Requirement
Your copy runs from the line containing "168 Brooklyn Ave, Salem, OH" through the last line of the listing, both included. Restate those lines word for word and leave out pictures.

Recorded information
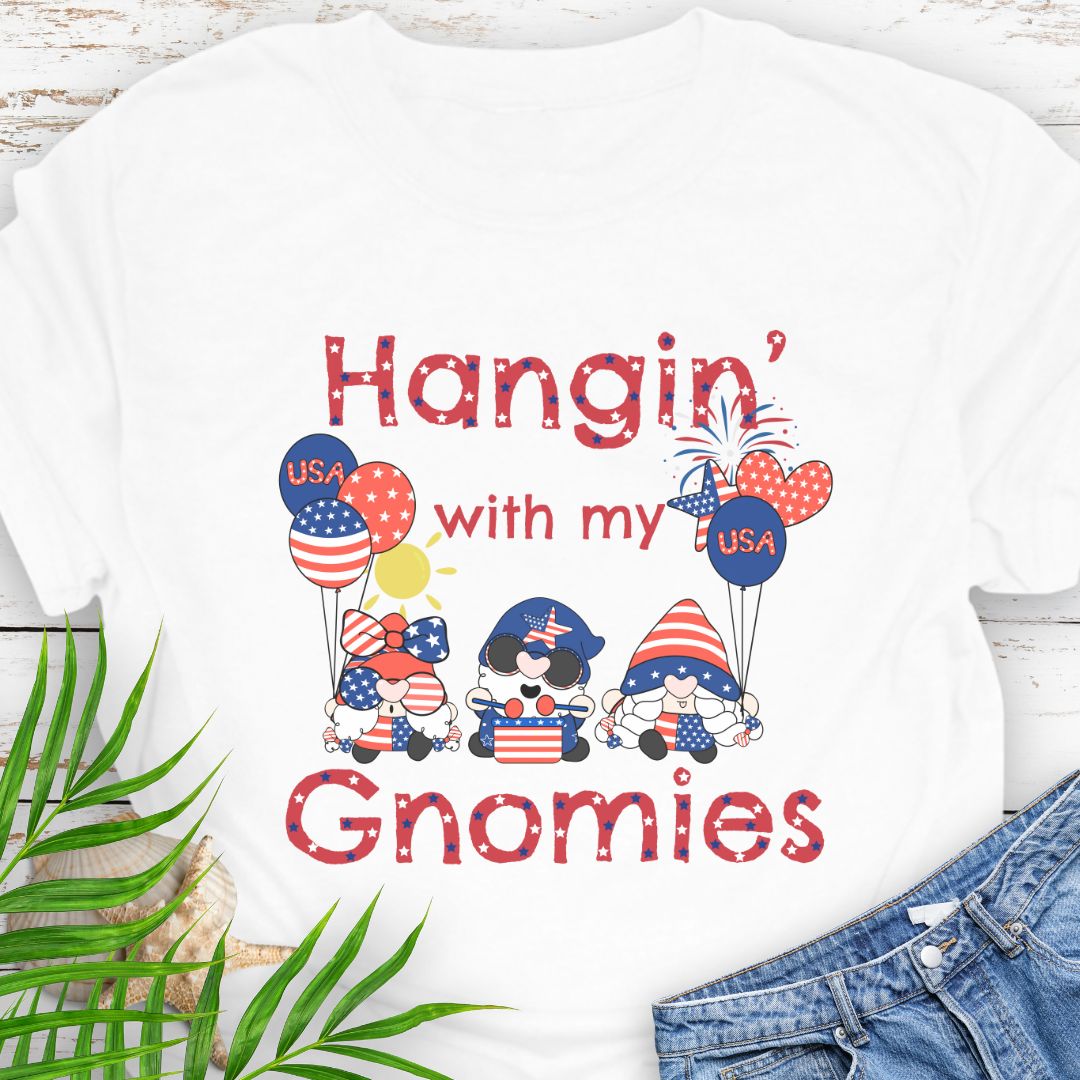 White T-shirt with three gnomes in patriotic outfits holding flag balloons with sun and fireworks in the background with the phrase Hangin' with my Gnomies.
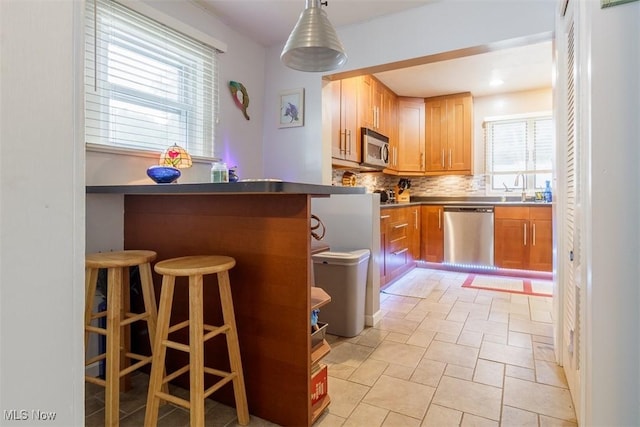 168 Brooklyn Ave, Salem, OH 44460 - kitchen with stainless steel appliances, backsplash, a kitchen bar, a sink, and a peninsula
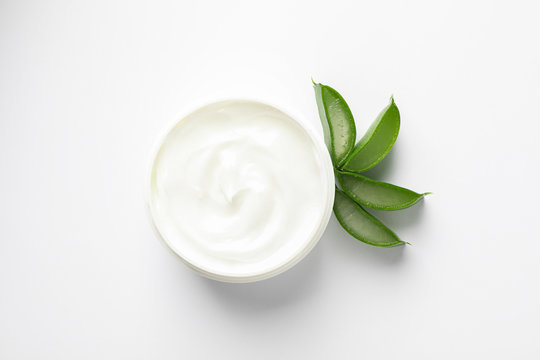 Composition with natural treatment accessories on white background, top view and space for text. Aloe vera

Task result
 168 Brooklyn Ave, Salem, OH 44460 - kitchen with stainless steel appliances, backsplash, a kitchen bar, a sink, and a peninsula
 Composition with natural treatment accessories on white background, top view and space for text. Aloe vera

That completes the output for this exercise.